LA MARINA MILITARE CHIEDE UN MILIONE DI EURO AGLI UFFICIALI “INFEDELI”

Uno scandalo che da mesi attanaglia la Marina Militare. Le dieci persone coinvolte nell’inchiesta del pm Maurizio Carbone decollata il 13 marzo del 2014 con l’arresto in flagranza di reato del capitano di fregata Roberto La Gioia comandante del 5° reparto di Maricommi. L’ufficiale fu fermato nel suo ufficio subito dopo aver intascato una tangente di 2mila euro da un imprenditore. Lo stesso imprenditore aveva già denunciato tutto ai carabinieri sostenendo di aver subìto per anni il “sistema del 10 per cento” e versato tangenti per circa 150mila euro per mantenere l’appalto dello smaltimento delle acque di sentina delle navi militari.
Fra casa e ufficio del militare gli investigatori trovarono circa 44mila euro, ma soprattutto alcune pen drive su cui era annotata la contabilità occulta e la lista delle imprese che pagavano tangenti. Nelle settimane scorse il nuovo filone con altri arresti.

“Ci dicevano che era una prassi, una disposizione dei superiori ai quali andavano le bustarelle”, racconta ai carabinieri uno di loro.

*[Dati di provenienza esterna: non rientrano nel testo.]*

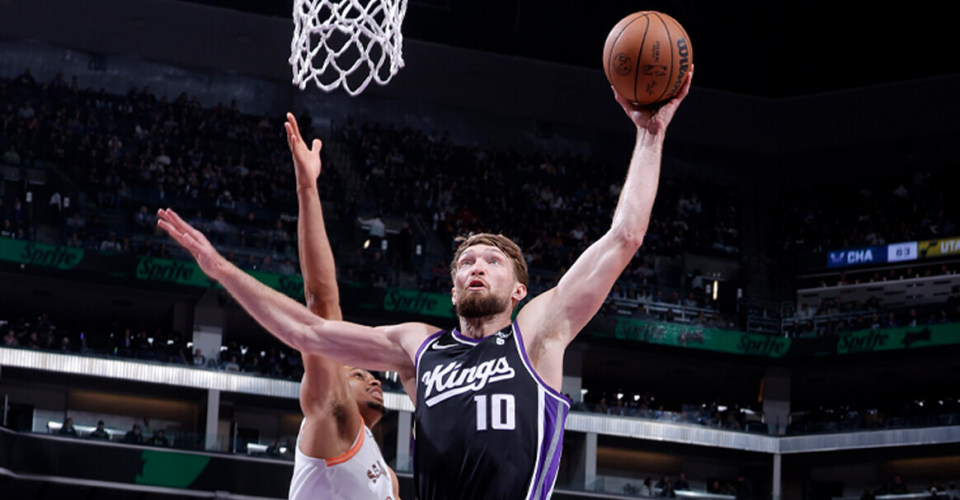 开云体育登录-尼斯球队顽强作战，取得关键胜利的简单介绍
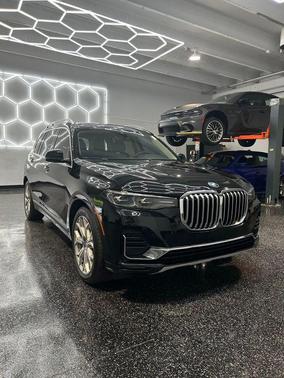 2022 BMW X7 xDrive40i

Un altro spiega di aver pagato negli anni tangenti per 150mila euro pur di lavorare. Un altro ancora, invece, riferisce di aver segnalato al vice direttore della base di aver subìto minacce e richieste ma è finito escluso da tutte le gare e fallito nel giro di un anno. Quella che gli ufficiali definiscono “una prassi”, un “contributo natalizio”, per i magistrati è un vero e proprio sistema di pizzo imposto “in modo rigido e con brutale e talora sfacciata protervia, come fa la malavita organizzata”, scrive il gip Pompeo Carriere nella prima ordinanza di custodia cautelare.

A settembre 2016 un altro clamoroso arresto in flagranza: il nuovo comandante di Maricommi, il capitano di vascello Giovanni Di Guardo, mandato dalla Marina militare a fare pulizia dopo lo scandalo delle tangenti e gli arresti viene pizzicato mentre riceve dall’imprenditore Vincenzo Pastore, sindaco di Roccaforzata, una bustarella per pilotare una gara d’appalto da 11 milioni di euro.

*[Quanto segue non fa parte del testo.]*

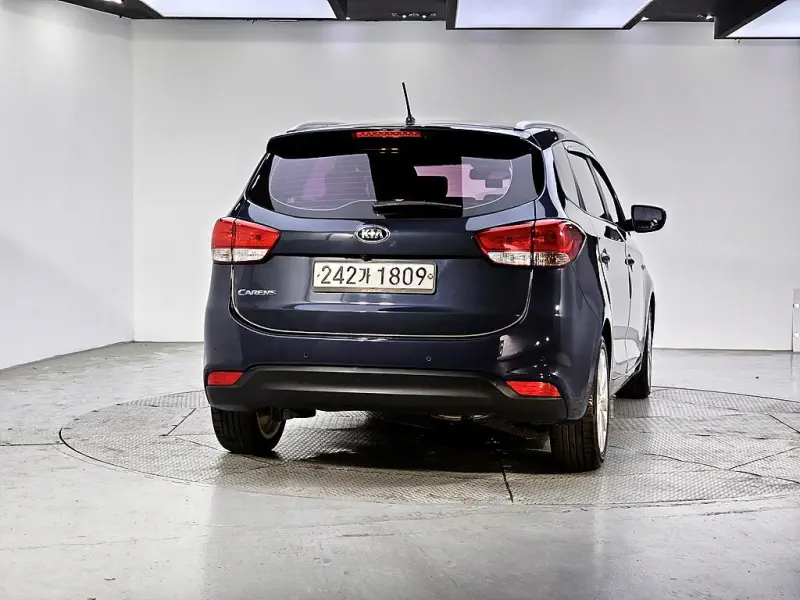 Kia Carens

Qualche giorno più tardi finisce in manette per corruzione anche il braccio destro dell’ufficiale, la tenente vascello Francesca Mola, primo ufficiale donna a finire in carcere. Neanche un mese dopo, nuova ondata di arresti. In carcere finisce anche la compagna di Di Guardo, insieme con alcuni imprenditori accusati di associazione per delinquere.

Un milione di euro è il conto per i danni morali, ancora da quantificare quelli materiali, presentato dalla Marina Militare all’udienza preliminare nei confronti di nove ufficiali, un sottufficiale e un dipendente civile per i quali la Procura di Taranto ha chiesto il rinvio a giudizio per concussione.